Rating: 2.5 out of 5

Part three of my review of Douglas Adams' The Ultimate Hitchhiker's Guide focuses on the third book in the series: Life, the Universe and Everything.


The story picks up on Earth some two billion years before the Vogons destroy it to build a hyperspatial express route. Our heroes had been broken up into two groups, Ford/Arthur on Earth and Zaphod/Trillian on the Heart of Gold, after Marvin successfully teleported them off of Disaster Area's stunt ship that ended up crashing into a star (presumably with Marvin with it).

Eddys, or pools of instability, in the fabric of spacetime open up on Earth that allows Ford and Arthur to travel to Lord's Cricket Ground just a few short days before the Earth will be destroyed. While there, Ford and Arthur stumble upon a S.E.P. (Somebody Else's Problem) which lands them in the middle of Slartibartfast's attempt to prevent a rogue group of white robots from obtaining the pieces of a key which will release their Masters from Krikkit. Krikkit is a small little planet evneloped en a spherical Dust Cloud which kept them from knowing anything existed outside their little world. That is, until a spacecraft crashed into their planet. Once the people of Krikket discovered life outside their world, they decided it must end. After the two thousand year Krikket war and some two grillion people killed, the Krikket planet was finally locked away in a Slo-Time envelope. Ten billion years later, or five years from the Krikket Slo-Time perspective, eddys in spacetime have allowed the pieces of the Wikkit Gate (the key) to reappear in the universe.

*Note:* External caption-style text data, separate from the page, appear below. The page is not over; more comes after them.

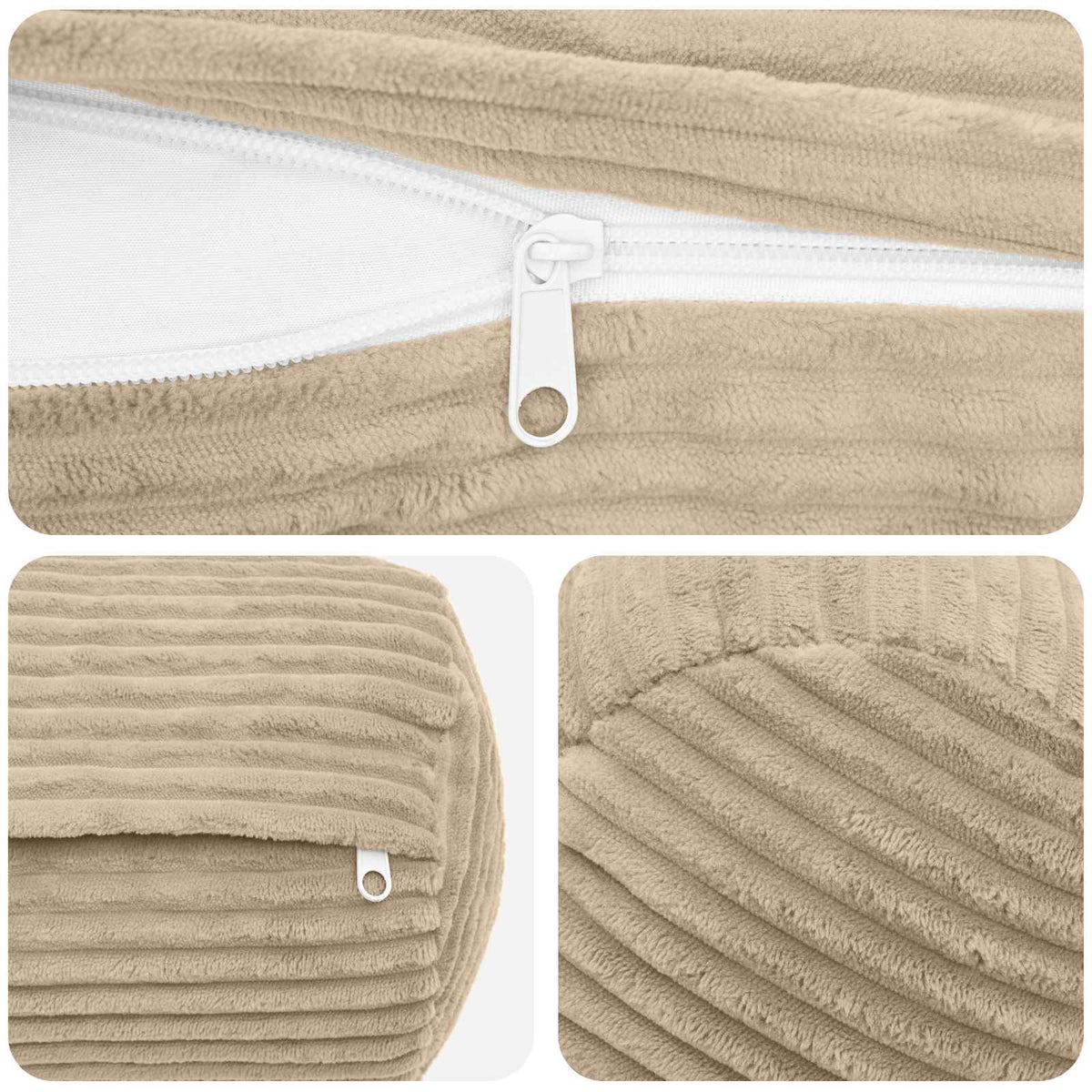 vidaXL Poszewka na poduszkę 2 pcs HEERLEN Ciemnoszary Ø 15 x 40 cm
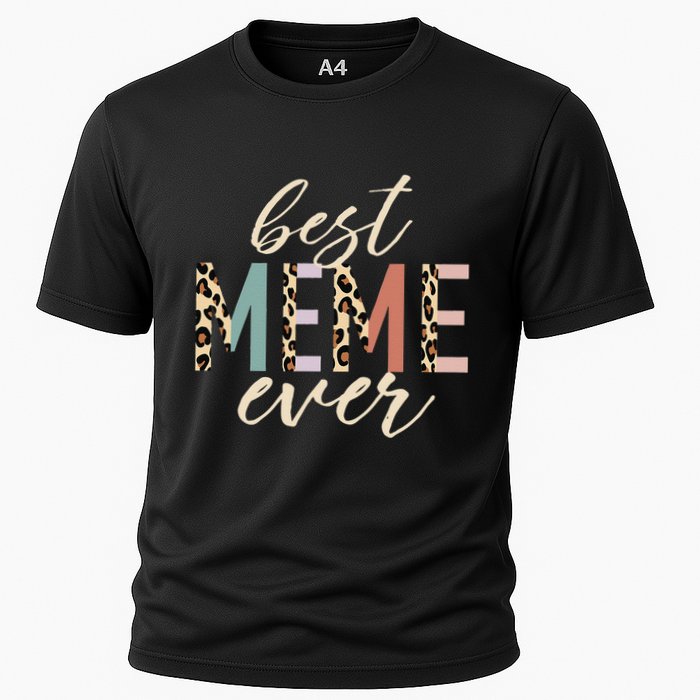 Best Meme Ever Gifts Leopard Print Mothers Day Cooling Performance Crew T-Shirt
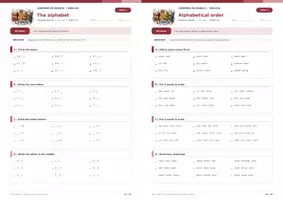 Vorschau - Arbeitsblätter - Freiarbeitsmaterial Englisch / Learning on wheels KS 4-9 - Seite 1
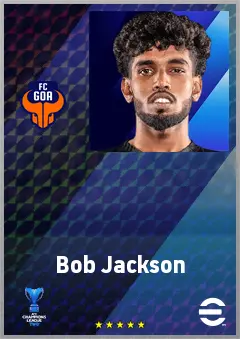 Bob Jackson eFootball 2026 player card, 61 OVR GK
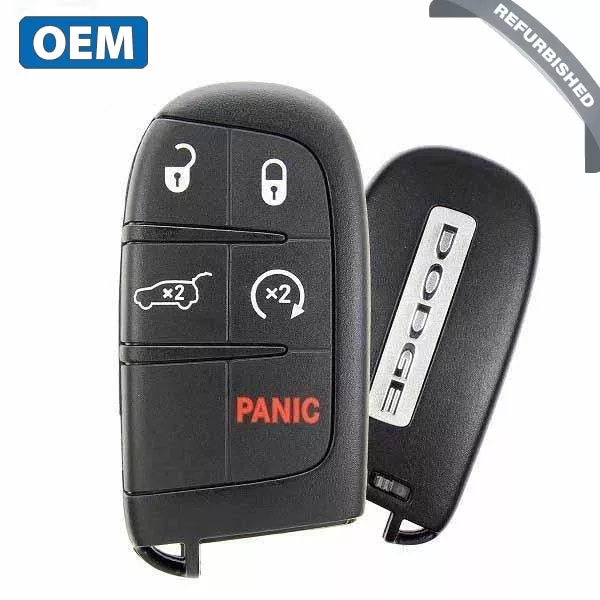2014-2024Dodge Durango / 5-Button Smart Key / PN: 68150061AC / M3N40821302 (OEM Refurb)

Ford, Arthur, and Slartibartfast's journey leads them to a forth-generation cocktail party where they meet up with Trillian just in time for the Krikkit white robots to recover another piece of the Wikket Gate. So, our heroes must make their way to Krikkit to prevent the Krikkit campaign to destroy the universe.

Where is Zaphod in all of this? Is Marvin still alive? Can Arthur learn to fall and miss the ground? What does an italian restaurant have to do with space travel? The answers to those questions and more, will not be addressed here. Read the book yourself.

While I enjoyed Life, the Universe and Everything, I thought the story was a little bland in comparison to the two previous novels. The characters were on their own or in pairs for a large portion of the story which took away from the group dynamics. The plot felt more like a side quest rather than a continuation of the series. Still glad I read it, but I hope So Long, and Thanks for All the Fish has more to offer.